A beneficiary of two trusts whose assessable income was increased from some $70,000 to some $13 million in respect of her entitlement to distributions from the trusts has been unsuccessful before the AAT in arguing that she had "disclaimed her interests" in the trusts.


The taxpayer was a beneficiary of two trusts, one of which ("Archer") was involved in investments in residential complexes in partnership, or as a "syndicate member", with another entity. Following an audit of the trusts (and an earlier settlement arrangement), Archer was denied deductions for significant "syndication" costs it had previously incurred, while the second trust ("Shee") was likewise denied significant deductions. The effect of these adjustments was to substantially reduce the deductible carried-forward losses of the trusts.

As a result, in May 2013 amended assessments for the 2006 and the 2007 income years were also issued to the taxpayer, as she was the beneficiary of the trusts and was entitled to 100% of the trust income from them. The amended assessments increased her taxable income from $9,000 to $10 million in the 2006 income year and from $60,000 to $3 million in the 2007 income year.

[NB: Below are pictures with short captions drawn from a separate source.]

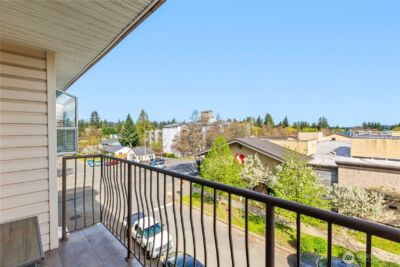 12056 15th Avenue NE #404, Seattle, WA 98125-5062 - Photo 16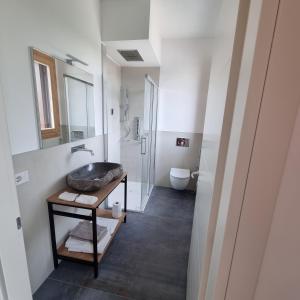 bagno con lavandino e servizi igienici di Corte Bottura agriturismo a Castelnuovo del Garda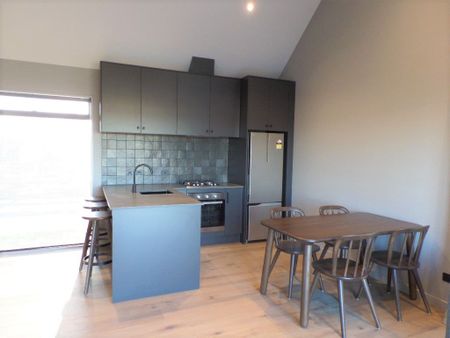 Stylish two bedroom townhouse in the Verdeco Park subdivision. - Photo 3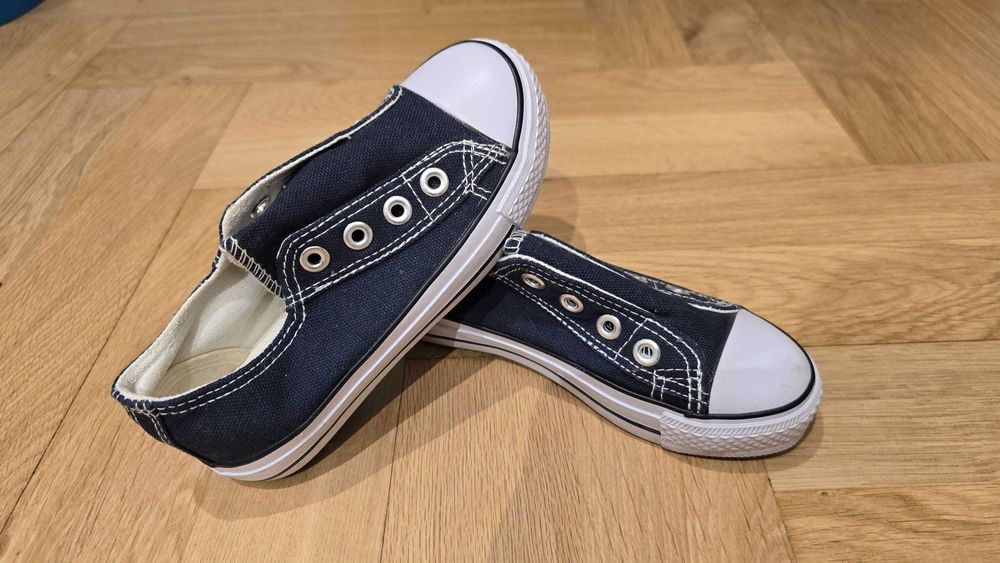 NOWE Trampki granatowe dla chłopca 27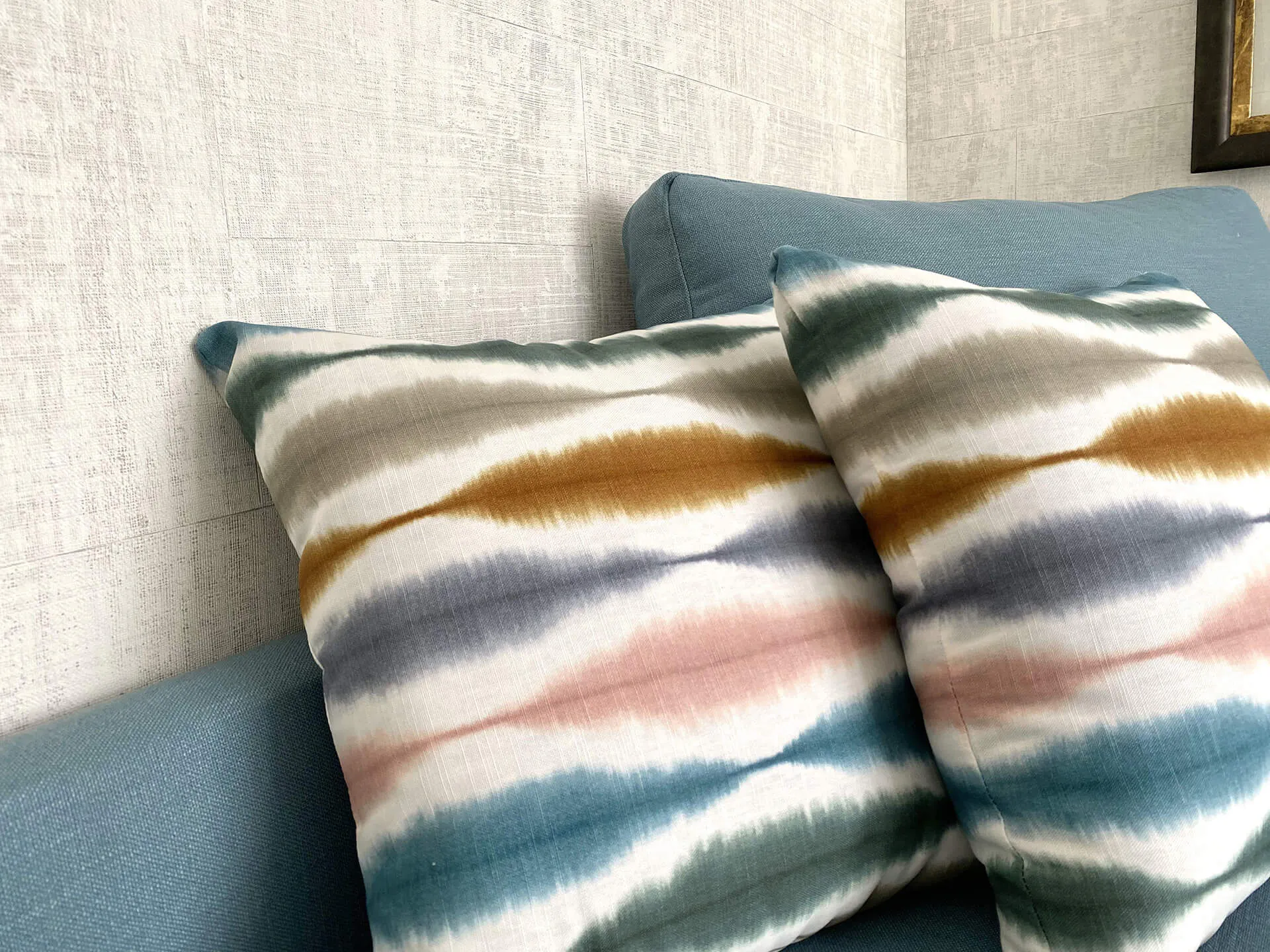 Detalle cojines exclusivos para el proyecto de decoración en Marbella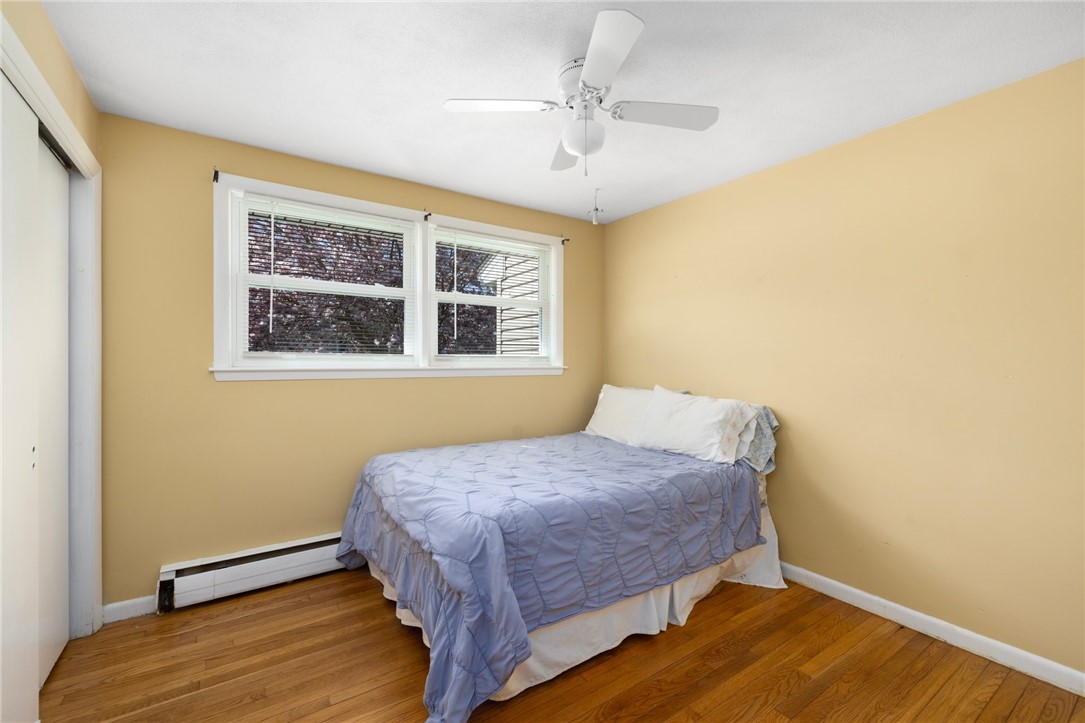 10 Longmeadow Avenue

In addition, a shortfall interest charge (SIC) of $3.2 million was imposed, as reduced by the Commissioner over certain periods of the audit and assessment process.

The taxpayer unsuccessfully objected to the amended assessments, and before the AAT argued the following:

  • a "disclaimer of trust interests" she entered into in December 2015 was effective to disclaim any entitlement to the trust distributions;
  • the Archer trust resolution to distribute "income" of the trust to the taxpayer was not valid in terms of the Archer trust deed;
  • "default" resolutions made by both trusts to distribute the trust income to another party in the event that their deductions were denied by the ATO were valid and effective;
  • the amended assessments were issued out of time;
  • the denied carried-forward losses were in fact available to Archer; and
  • the SIC should be remitted.


In dismissing the taxpayer's application on all grounds, the AAT found as follows.

Disclaimer of trust interest

The AAT ruled that because the taxpayer had not specifically raised the disclaimer issue in her grounds of objection, it would not be permissible to raise it in the application before the AAT. In arriving at its decision, the AAT also noted that, among other things, the relevant parties had had the benefit of the distributions, there was a significant passage of time between the distributions and the making of the disclaimer, and the taxpayer's husband (who managed the affairs of the trusts) could have arranged for the otherwise "retrospective" disclaimers to be made before the amended assessments had issued. Furthermore, the AAT found that it would not be in the interests of justice to give the taxpayer leave to extend the grounds of her objection, given that the objection never touched on the issue of disclaimer.

Validity of Archer trust resolution

The AAT concluded that the resolution made by the Archer trust to distribute the "income" of the trust to the taxpayer was not an invalid exercise of its power merely because it referred to "income" and not "net income" of the trust. Likewise, the AAT found that leave should not be granted to the taxpayer to expand the grounds of her objection to include that the Archer resolution was ineffective to distribute income to her. This was because the AAT said that the Commissioner would be "prejudiced" by such leave – he could have instead issued an assessment to Archer, making it liable for the tax on the trust income under s 99A of the Income Tax Assessment Act 1936 (ITAA 1936).

Validity of the default resolutions

The AAT also found that the "default" resolutions were not effective because neither they nor the "initial" resolutions were technically subject to a "contingency". The initial resolutions clearly intended, and had the effect of, making the taxpayer entitled (both in "interest" and "possession") to the whole of the income of the trusts – which, furthermore, was the "practical effect" of the resolutions. In addition, the AAT noted that the effect of the initial resolutions meant there was nothing left to be distributed under the default resolutions.

Assessments out of time

The AAT found that the amended assessments had not been issued to the taxpayer out of time as she had, in terms of s 170(7), item 4 of the ITAA 1936, consented to a relevant extension to the limitation period. She had done so in response to the Commissioner's request for such an extension, which was made during the audit process involving the taxpayer's tax affairs.

Carried-forward losses

The AAT confirmed that the carried-forward losses had been correctly denied by the Commissioner. This was because the evidence indicated that deductions had been appropriately reduced for the amounts "actually incurred" in the relevant year by Archer in respect of the purchase of property by the syndicate, and for which it was claiming a deduction for its share of the outgoings as a syndicate member.

SIC remission

Finally, the AAT found that there was no grounds for further remission of the SIC imposed by the Commissioner. In doing so, it dismissed the taxpayer's arguments that she was unaware of the trust distributions or of the trusts themselves. The AAT noted that she had placed entire responsibility for her taxation and financial affairs on her husband, who was also her tax agent.